Hermeneutik (griech. hermeneuo = dolmetschen) ist die Lehre vom Verstehen oder Auslegen, etwa in Bezug auf die Heilige Schrift. Theologische Irrlehren und Sekte n gedeihen aufgrund der Vernachlässigung und Missachtung grundlegender Auslegungsregeln, die nachfolgend kurz zusammengefasst sind:
Im Mittelalter bevorzugte man den vierfachen Schriftsinn:
Demgegenüber gilt es festzuhalten am einfachen, wörtlichen Sinn – nach Luther:
am einfachen und sicheren, buchstäblichen Wortsinn. Denn die Schrift hat nur einen wörtlichen bzw. Literalsinn (sensus literalis), der unterschiedlich angewendet werden kann. Es ist immer herauszufinden, was an der jeweiligen Stelle als Wortsinn zu verstehen ist. Dies ergibt sich vom Kontext (Wortzusammenhang) her. Der sensus literalis besitzt Vorrang vor allen anderen Deutungsmöglichkeiten. Wir sollten jedes Wort in seiner natürlichen Bedeutung stehen lassen und diese erst dann aufgeben, wenn der Glaube uns dazu zwingt. Die Heilige Schrift legt sich selber aus – von ihrem Gesamtzusammenhang und dem sich daraus ergebenden Wortsinn der einzelnen Bibelstellen her, ohne Hinzufügungen (z.B. "neue Prophezeiungen", Träume, Visionen u.ä.) oder Abstriche (z.B. durch Bibelkritik).

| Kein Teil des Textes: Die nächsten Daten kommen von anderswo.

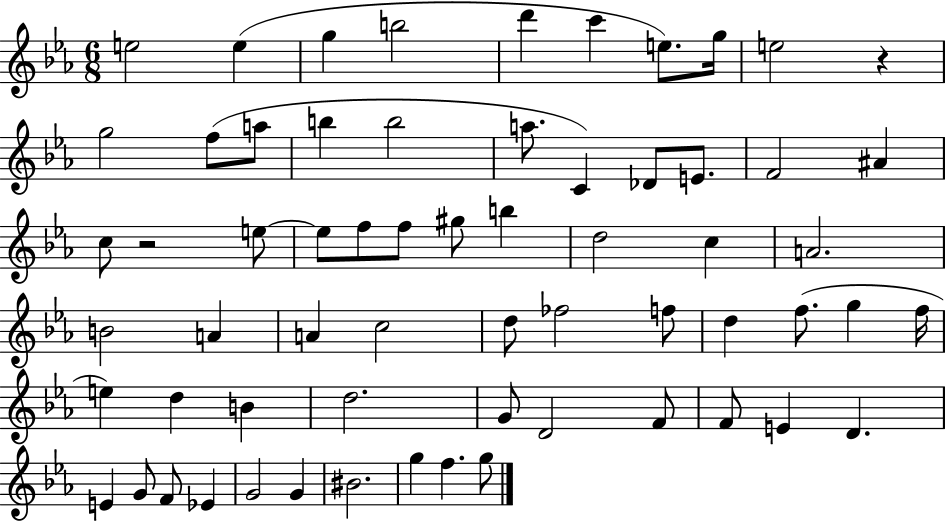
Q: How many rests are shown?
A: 2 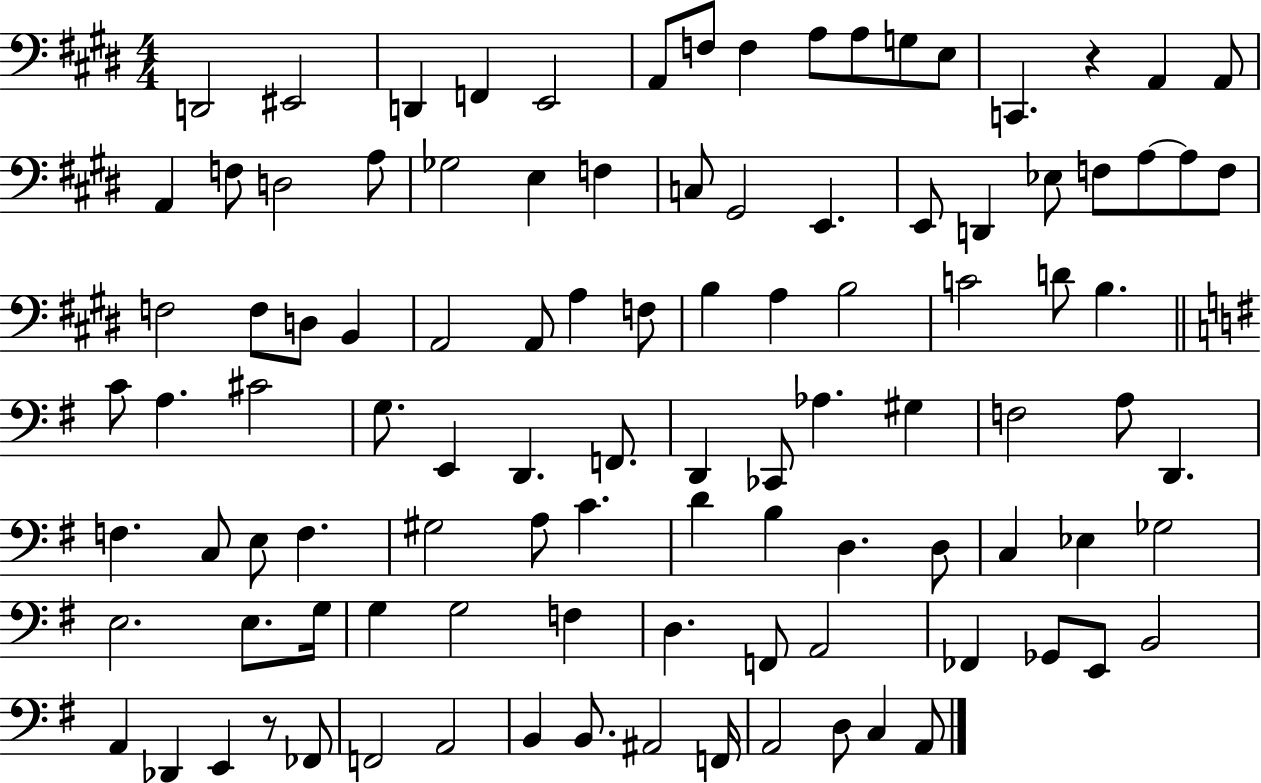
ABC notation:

X:1
T:Untitled
M:4/4
L:1/4
K:E
D,,2 ^E,,2 D,, F,, E,,2 A,,/2 F,/2 F, A,/2 A,/2 G,/2 E,/2 C,, z A,, A,,/2 A,, F,/2 D,2 A,/2 _G,2 E, F, C,/2 ^G,,2 E,, E,,/2 D,, _E,/2 F,/2 A,/2 A,/2 F,/2 F,2 F,/2 D,/2 B,, A,,2 A,,/2 A, F,/2 B, A, B,2 C2 D/2 B, C/2 A, ^C2 G,/2 E,, D,, F,,/2 D,, _C,,/2 _A, ^G, F,2 A,/2 D,, F, C,/2 E,/2 F, ^G,2 A,/2 C D B, D, D,/2 C, _E, _G,2 E,2 E,/2 G,/4 G, G,2 F, D, F,,/2 A,,2 _F,, _G,,/2 E,,/2 B,,2 A,, _D,, E,, z/2 _F,,/2 F,,2 A,,2 B,, B,,/2 ^A,,2 F,,/4 A,,2 D,/2 C, A,,/2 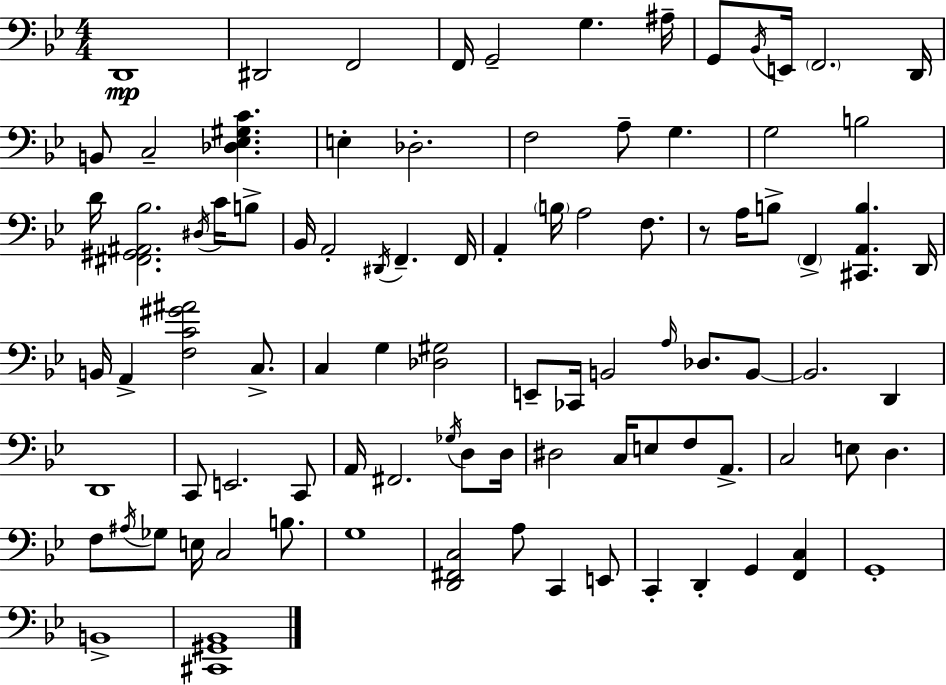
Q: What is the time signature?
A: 4/4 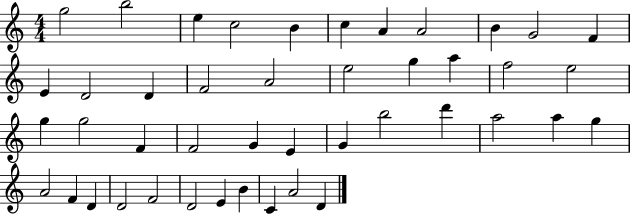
X:1
T:Untitled
M:4/4
L:1/4
K:C
g2 b2 e c2 B c A A2 B G2 F E D2 D F2 A2 e2 g a f2 e2 g g2 F F2 G E G b2 d' a2 a g A2 F D D2 F2 D2 E B C A2 D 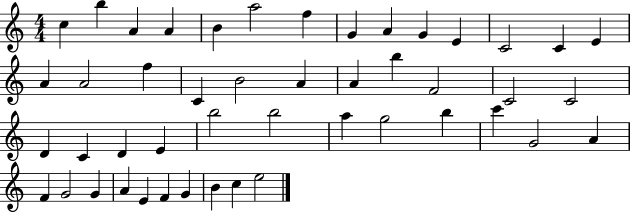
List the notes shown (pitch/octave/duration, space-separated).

C5/q B5/q A4/q A4/q B4/q A5/h F5/q G4/q A4/q G4/q E4/q C4/h C4/q E4/q A4/q A4/h F5/q C4/q B4/h A4/q A4/q B5/q F4/h C4/h C4/h D4/q C4/q D4/q E4/q B5/h B5/h A5/q G5/h B5/q C6/q G4/h A4/q F4/q G4/h G4/q A4/q E4/q F4/q G4/q B4/q C5/q E5/h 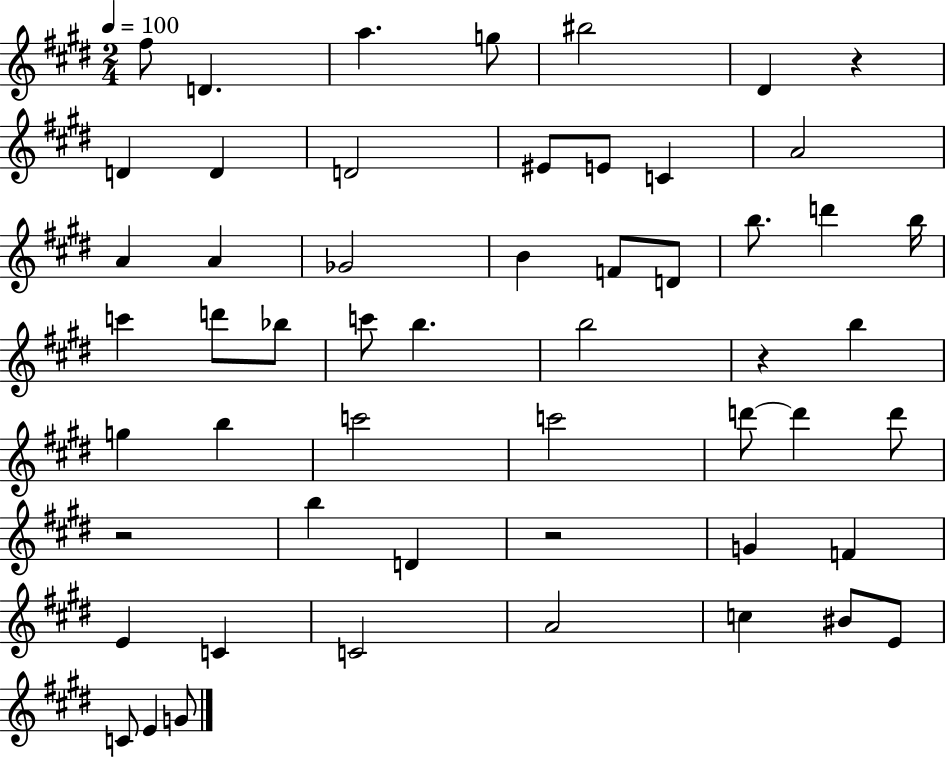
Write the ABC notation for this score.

X:1
T:Untitled
M:2/4
L:1/4
K:E
^f/2 D a g/2 ^b2 ^D z D D D2 ^E/2 E/2 C A2 A A _G2 B F/2 D/2 b/2 d' b/4 c' d'/2 _b/2 c'/2 b b2 z b g b c'2 c'2 d'/2 d' d'/2 z2 b D z2 G F E C C2 A2 c ^B/2 E/2 C/2 E G/2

Nun ist es natürlich nicht immer so einfach zu erkennen, was der Wortsinn ist. Aber es gibt gewisse Regeln dafür, etwa grammatikalische Kenntnisse, die man besitzen sollte. Hinzu kommen historische und zeitgeschichtliche Umweltkenntnisse, welche die Entstehungsgeschichte des Textes erhellen können. Wichtig ist vor allem die Beachtung des unmittelbaren und weiteren Kontextes. Der unmittelbare Kontext ist der Textzusammenhang, der dieser Stelle unmittelbar vorausgeht oder sie abschließt. Der weitere Kontext bezieht sich auf das vollständige konkrete biblische Buch, in dem die Stelle steht, ja auf die Bibel insgesamt. Die Notwendigkeit des Glaubens, der Erleuchtung durch den Heiligen Geist (pneumatische Exegese) ist ebenso wichtig. Luther hat betont, dass die Heilige Schrift "Christus treibt", d.h. dass alles in ihr auf Christus hinzielen sollte. Man sollte sich allerdings vor der Gefahr hüten, stellen – etwa im Alten Testament – in dieser Hinsicht überzuinterpretieren. Alle Irrtümer in der Theologie entstehen durch eine falsche Deutung der Heiligen Schrift, vor allem durch die Vernachlässigung der einfachen, klaren Schriftworte und durch die übertriebene Vorliebe für oft unklare bildliche Ausdrücke und höchst subjektive Hypothesen.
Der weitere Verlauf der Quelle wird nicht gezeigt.